Sunday, April 14, 2024

Bill benefits region's water management

Staff Writer | April 3, 2024 1:00 AM

Two bills approved by the Idaho Legislature are expected to enhance water management in the state, Idaho Water Resource Board officials said following its March 29 meeting.

“Some water users will be affected by these proposed changes,” said IDWR Director Mathew Weaver in a press release. “We need to do more research to understand how many water users could be affected. We will officially notify affected water users in the coming months about the change in administrative scope and the impact on their individual water rights.”

The first bill, House Bill 687, would allow the Idaho Department of Water Resources to petition a District Court judge to commence a water rights adjudication in North Idaho's Kootenai River Basin, most of which lies in Boundary County and a small percentage in northern and northwestern Bonner County. Local legislators supported an adjudication in the basin to define and confirm existing water rights. 

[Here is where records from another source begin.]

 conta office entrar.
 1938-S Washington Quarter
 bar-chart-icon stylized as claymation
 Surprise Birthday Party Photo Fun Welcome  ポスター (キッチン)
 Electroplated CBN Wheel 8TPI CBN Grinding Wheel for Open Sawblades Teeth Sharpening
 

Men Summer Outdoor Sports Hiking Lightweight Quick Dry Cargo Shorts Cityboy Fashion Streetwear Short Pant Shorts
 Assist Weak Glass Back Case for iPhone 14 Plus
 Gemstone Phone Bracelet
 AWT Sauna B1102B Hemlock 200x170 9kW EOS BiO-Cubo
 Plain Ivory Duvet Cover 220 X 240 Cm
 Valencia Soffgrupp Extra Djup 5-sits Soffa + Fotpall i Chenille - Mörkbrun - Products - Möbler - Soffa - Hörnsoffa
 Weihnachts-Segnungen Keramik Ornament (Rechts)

Water rights adjudications are under way in the Bear River, Clark Fork-Pend Oreille, Coeur d’Alene-Spokane River, and Palouse River basins in Idaho. The Snake River Basin Adjudication, completed in 2014, was the largest water rights adjudication ever completed in the western United States.

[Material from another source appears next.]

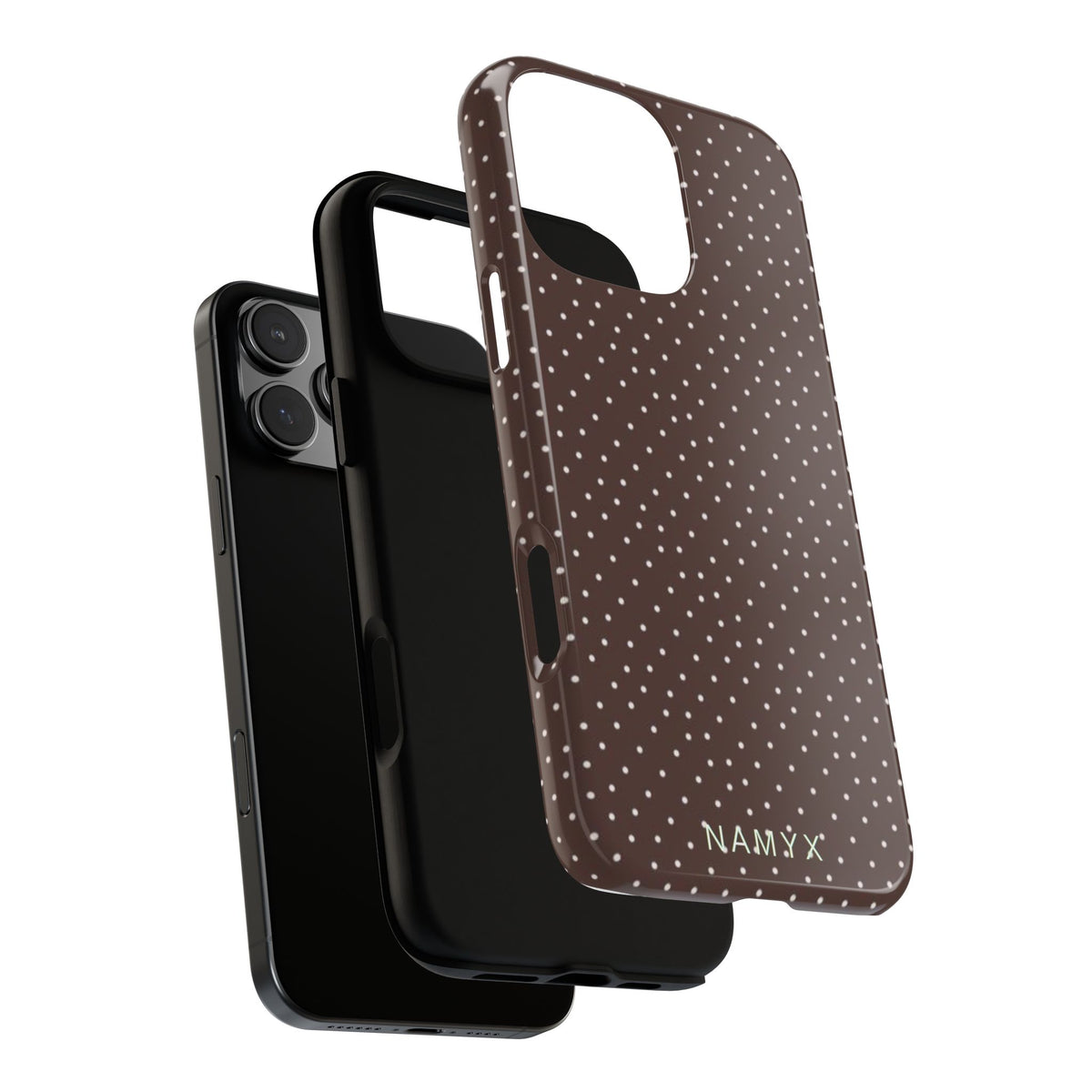 Brown Polka Dot Tough Phone Case - Slim Protective iPhone Cover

The Kootenai River Basin Adjudication is expected to take five years and cost $3.25 million, using existing IDWR staff to work on the project, officials said. 

In Idaho, citizens have natural water rights for domestic and stockwater use — also known as de minimis water rights. For surface waters such as springs, creeks, and lakes, uses that started before May 20, 1971, and in-stream stockwater uses regardless of the date, do not require the water user to file for a water rights permit with IDWR. Any use of surface water that started after May 20, 1971, requires a water rights permit with IDWR, except for allowing livestock animals to drink from a stream.

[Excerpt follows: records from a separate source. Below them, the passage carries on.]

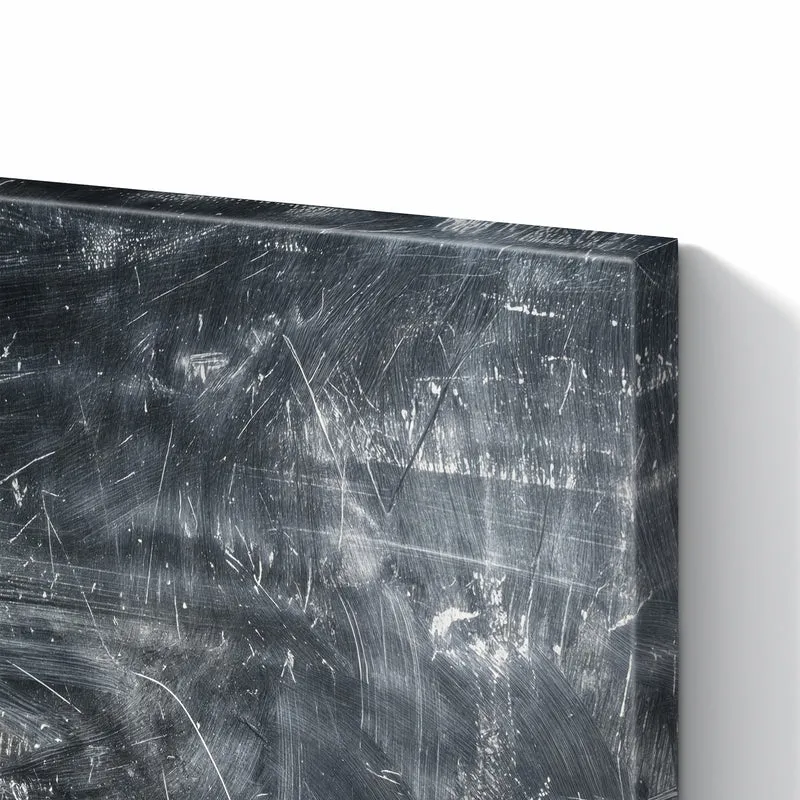 Metall Magnettafel - Kratzspuren in Schwarz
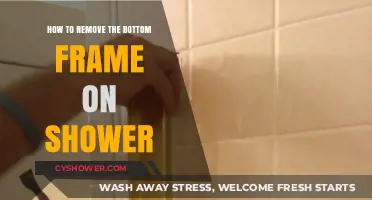 Easy Steps to Remove Your Shower's Bottom Frame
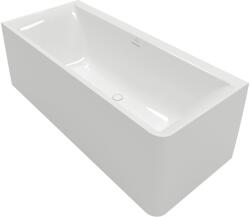 Villeroy & Boch Subway 3.0 fal mellé szerelhető fűrdőkád 180x80 cm négyszögletes fehér UBQ180SBW9CL00TV01 (UBQ180SBW9CL00TV01)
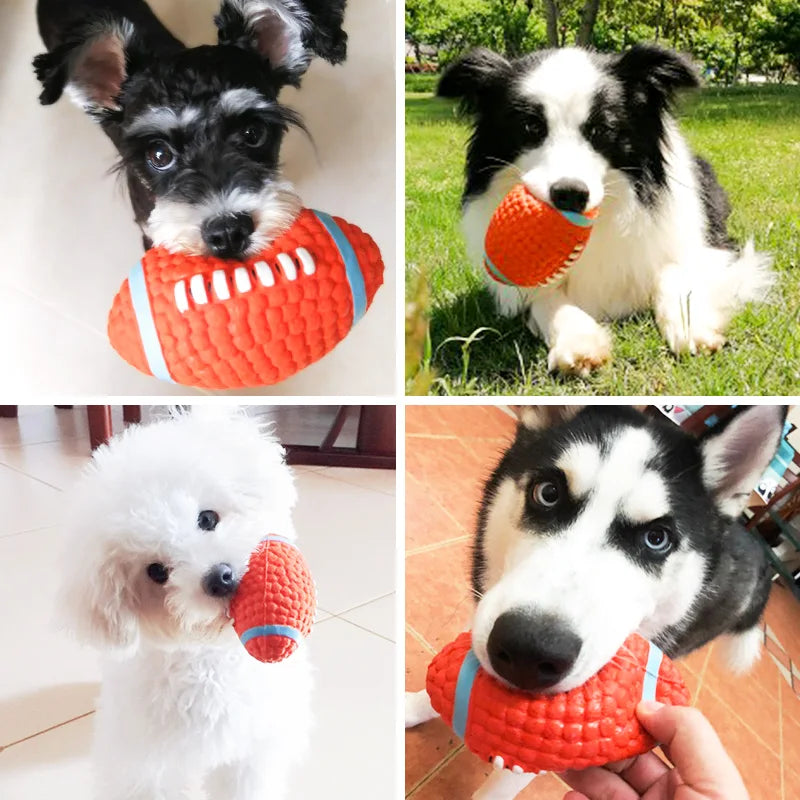Latex Dog Squeaky Ball Toy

The second bill, Senate Bill 1341 creates a process for IDWR officials to expand the boundary of the Eastern Snake Plain Aquifer area of common groundwater supply. The bill passed both chambers of the Legislature in an unanimous vote; it was signed by Gov. Brad Little on March 20.

Adjusting the boundary of the ESPA area of common groundwater supply is needed to conform with the latest and most accurate ESPA groundwater model.

The change would ensure that IDWR’s management of surface water and groundwater rights in the aquifer could be accomplished under the Prior Appropriation Doctrine, officials said. Under that water law, senior water users, or those who have the oldest water rights, receive priority in times of water shortages, officials said.

SB 1341 provides for a process for IDWR to follow to notify ESPA surface and groundwater users about the proposed change in boundary, hold public hearings and take public feedback. The bill also provides an opportunity for water users to appeal the final decision.

The Idaho Water Resource Board said two pieces of legislation passed by the Idaho Legislature in the 2024 session will enhance water management in North Idaho and southern Idaho.